4. From the point A2 draw A2C || A5B, meeting AB at C. Then AC : BC = 2 : 3. Justification: In ΔACA2 and ΔABA5 we have CA2 || BA5
$$\frac{\mathrm{AC}}{\mathrm{BC}}=\frac{\mathrm{AA}_2}{\mathrm{~A}_2 \mathrm{~A}_5}$$
[By Basic proportionality theorem]
$$\frac{\mathrm{AC}}{\mathrm{BC}}=\frac{2}{3}$$
Hence, AC : BC = 2 : 3.

Alternative Method:
Steps of Construction:
1. Draw a line segment AB.
2. Draw a ray AX making an acute angle with AB.
3. Draw a ray BY (On opposite side of AX) parallel to AX making ∠ABY = ∠BAX.
4. Along AX mark the points A1, A2 and along By mark the points B1, B2, B3 such that AA1 = A1A2 = BB1 = B1B2 = B2B3. 5. Join A2B3 intersecting AB at point C. Then
AC : BC = 2 : 3.
Justification: Here, AX || BY
∠CAX = ∠ABY (Alternate interior ∠S)
∠ACA2 = ∠BCB3 (Vertically opposite ∠S)
ΔCAA2 ~ ΔCBB3 (By AA similarity criterian)
⇒ $$\frac{\mathrm{AC}}{\mathrm{BC}}=\frac{\mathrm{AA}_2}{\mathrm{BB}_3}$$
⇒ $$\frac{\mathrm{AC}}{\mathrm{BC}}=\frac{2}{3}$$
Hence, AC : BC = 2 : 3.

Construction 2:
To construct a triangle similar to a given triangle as per given scale factor.
Scale factor means the ratio of the sides of the triangle to be constructed with the corresponding sides of the given triangle e.g.
1. Scale factor $$\frac{2}{3}$$ means the sides of the constructed triangle is $$\frac{2}{3}$$ of the sides of given triangle.
2. Scale factor $$\frac{5}{4}$$ means the sides of the constructed triangle is $$\frac{5}{4}$$ of sides of given triangle.
Let us take the following examples for understanding the construction involved.
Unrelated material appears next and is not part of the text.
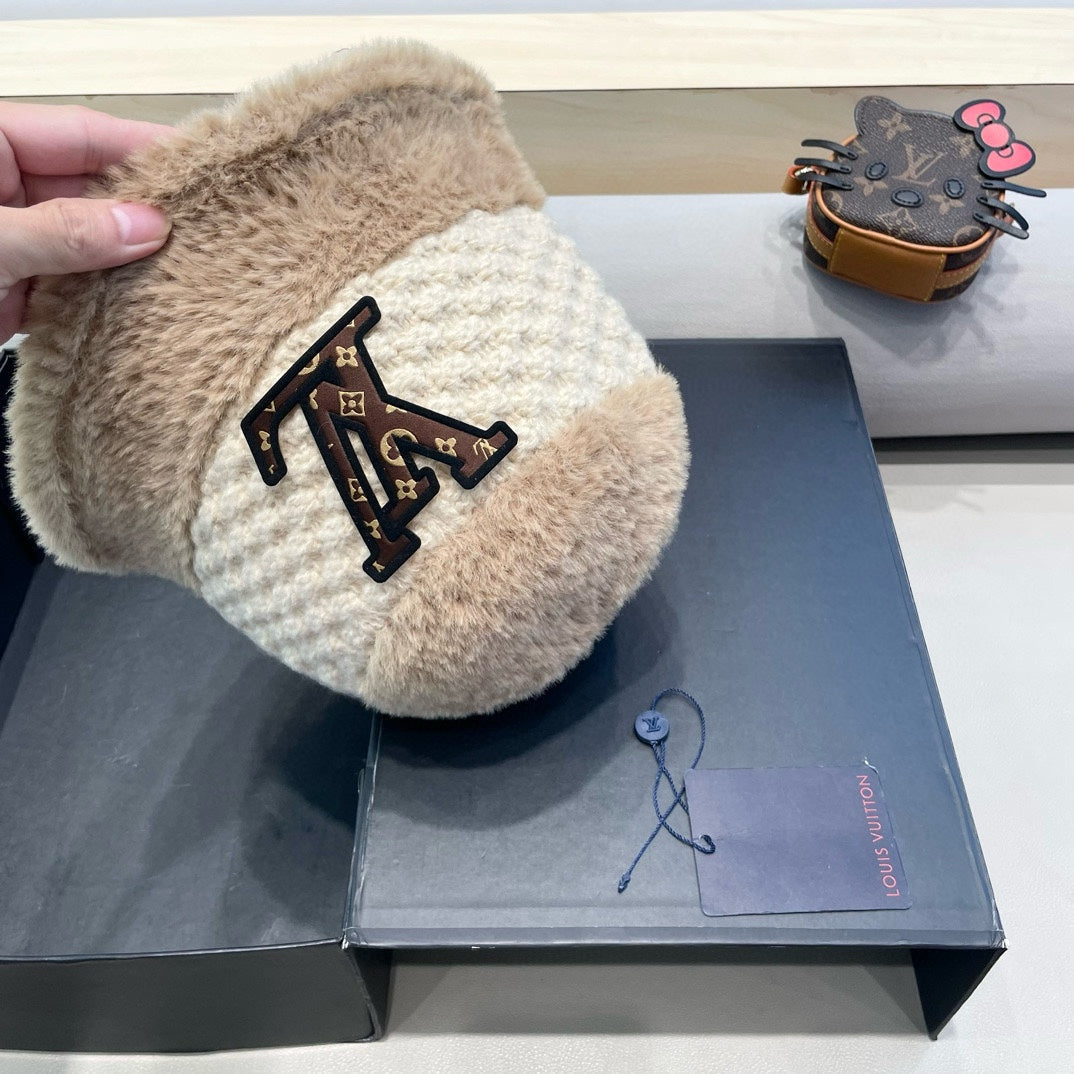 LOUIS VUITTON BUCKET HAT IN BEIGE MIX WHITE WOOL 421039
Construction of Tangents to a Circle
We study in circles (Chapter-10) that tangent to circle is a line that intersects the circle at only one point. The point is called the point of contact. The tangent at any point of a circle is perpendicular to the radius through the point of contact.
(a) Construction of Tangents to a Circle from a point outside the circle when its centre is known:
Steps of Construction:
1. Draw a Circle with centre O and given radius.
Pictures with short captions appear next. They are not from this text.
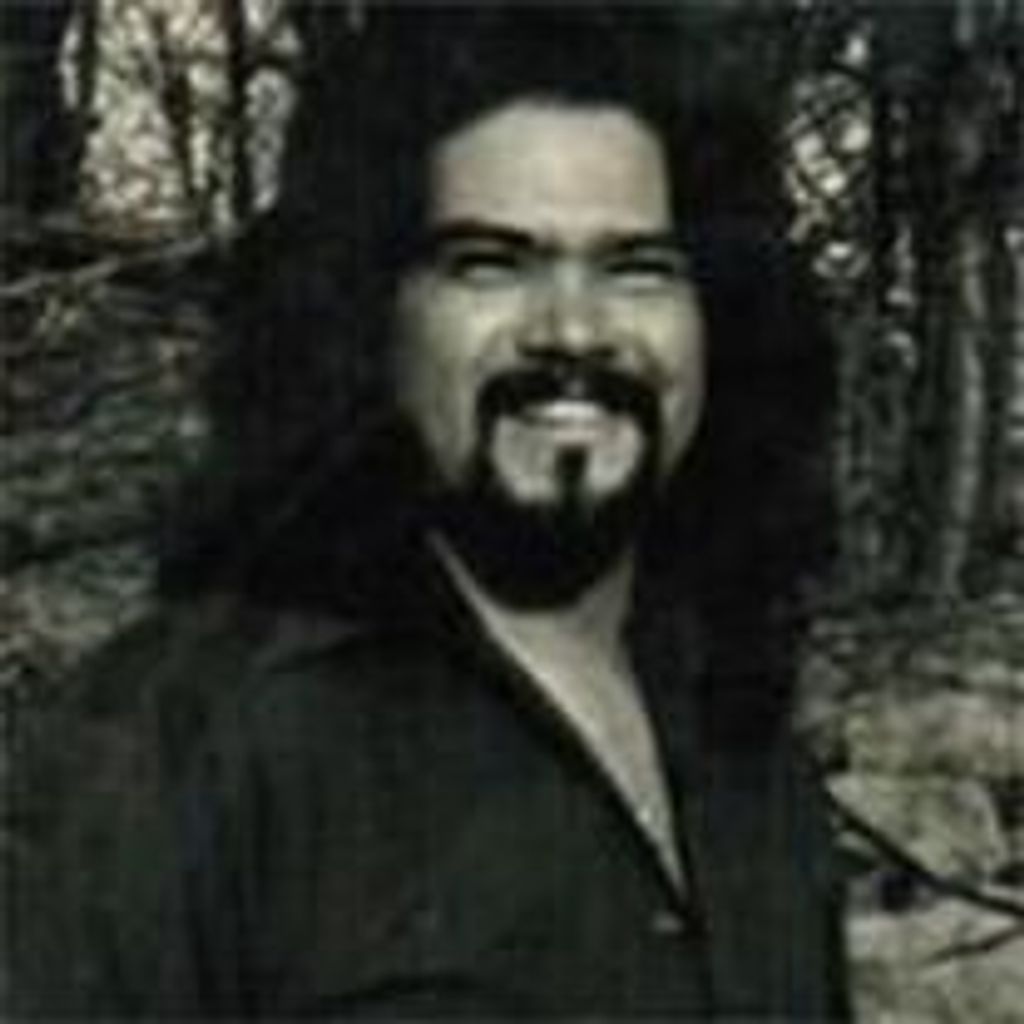 Adrian Flores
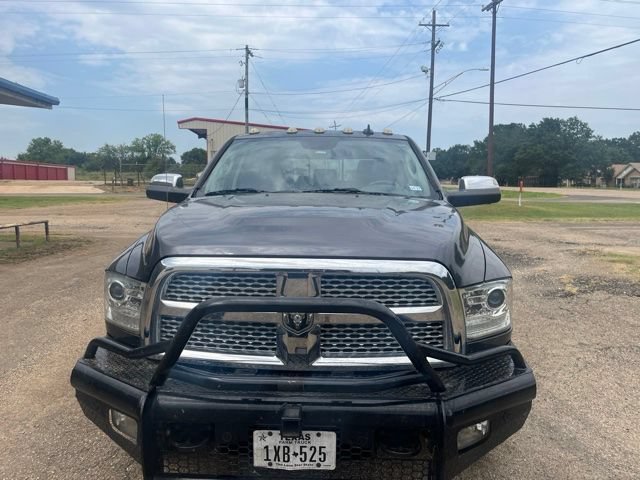 Used 2018 RAM 3500 Laramie w/ Convenience Group AWD/4WD image 8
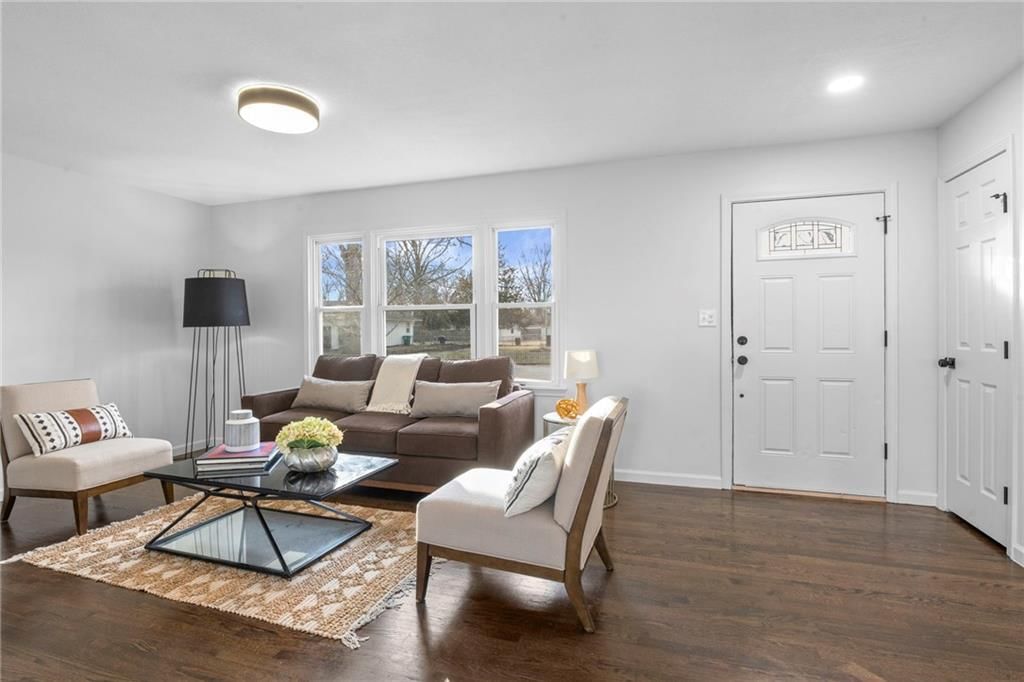 11805 Oakley Avenue — photo 5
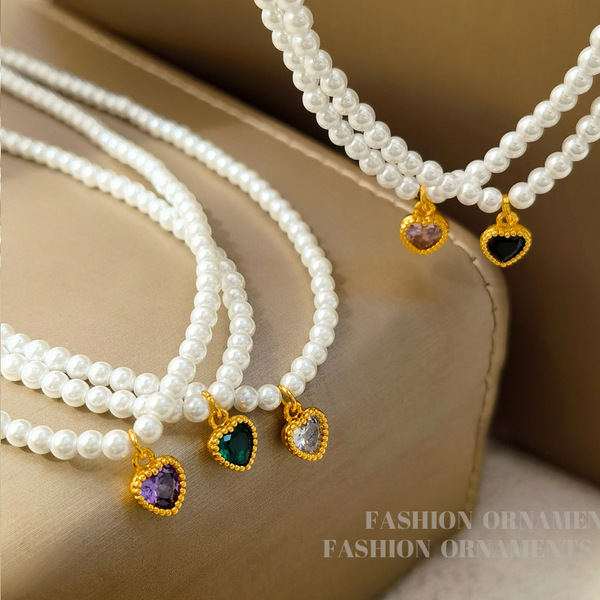 Retro brand necklace from pearl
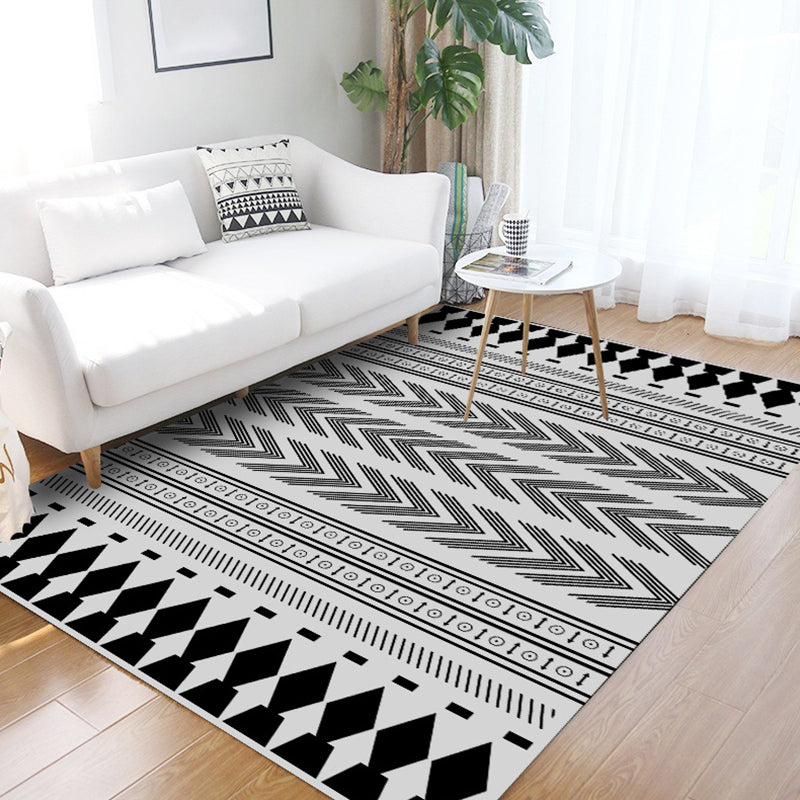Striped Chevron Washable Area Rug for Living Room Southwestern Americana Pet Friendly Rug in Black and White Clearhalo 'Area Rug' 'Rugs' 'Southwestern' Rug' 1504171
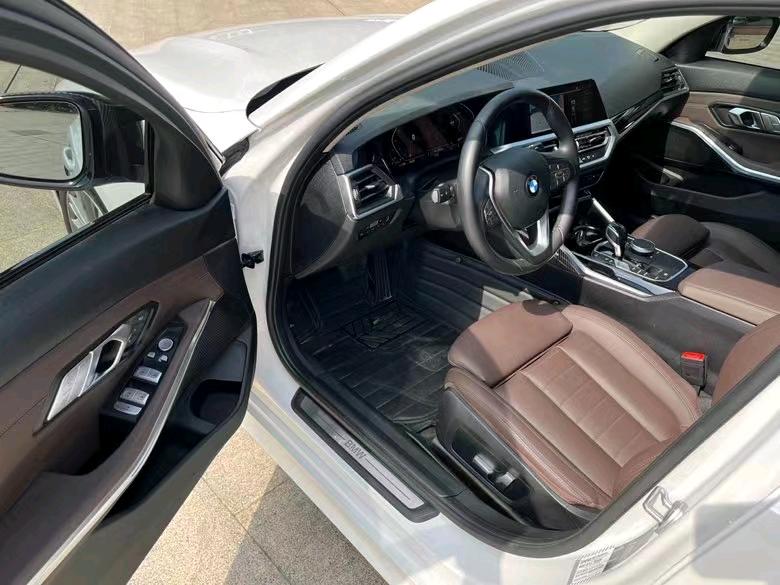 盐城21年宝马3系6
2. Mark a point P outside the circle.
3. Join OP and draw perpendicular bisector of PO meeting PO at M.
4. Draw a circle with M as centre and radius equal to PM = OM. intersecting the given circle at points Q and R. 5. Join PQ and PR.
Then PQ and PR are the required tangents.
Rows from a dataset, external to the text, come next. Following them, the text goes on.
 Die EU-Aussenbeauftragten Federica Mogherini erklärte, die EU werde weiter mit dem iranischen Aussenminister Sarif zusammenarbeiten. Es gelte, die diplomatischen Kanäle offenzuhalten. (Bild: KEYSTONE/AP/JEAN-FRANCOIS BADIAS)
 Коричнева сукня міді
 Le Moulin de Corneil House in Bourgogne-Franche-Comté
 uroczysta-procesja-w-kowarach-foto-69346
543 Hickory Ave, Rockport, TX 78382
(b) Construction of Tangents to a circle from a point outside the circle when the centre of circle is not known:
Steps of Construction:
1. Taking three points A, B, C on the circle and join AB and BC.
2. Draw perpendicular bisectors of AB and BC which intersect each other at point O.
3. Then O is the required centre of the given circle. 4. Mark a point P outside the circle.
5. Join PO and draw perpendicular bisector of PO meeting PO at M.
6. M as the centre, PM = MO as the radius draw another circle which intersects the previous circle at the points Q and R.
7. Join PQ and PR.
Then PQ and PR are the required tangents.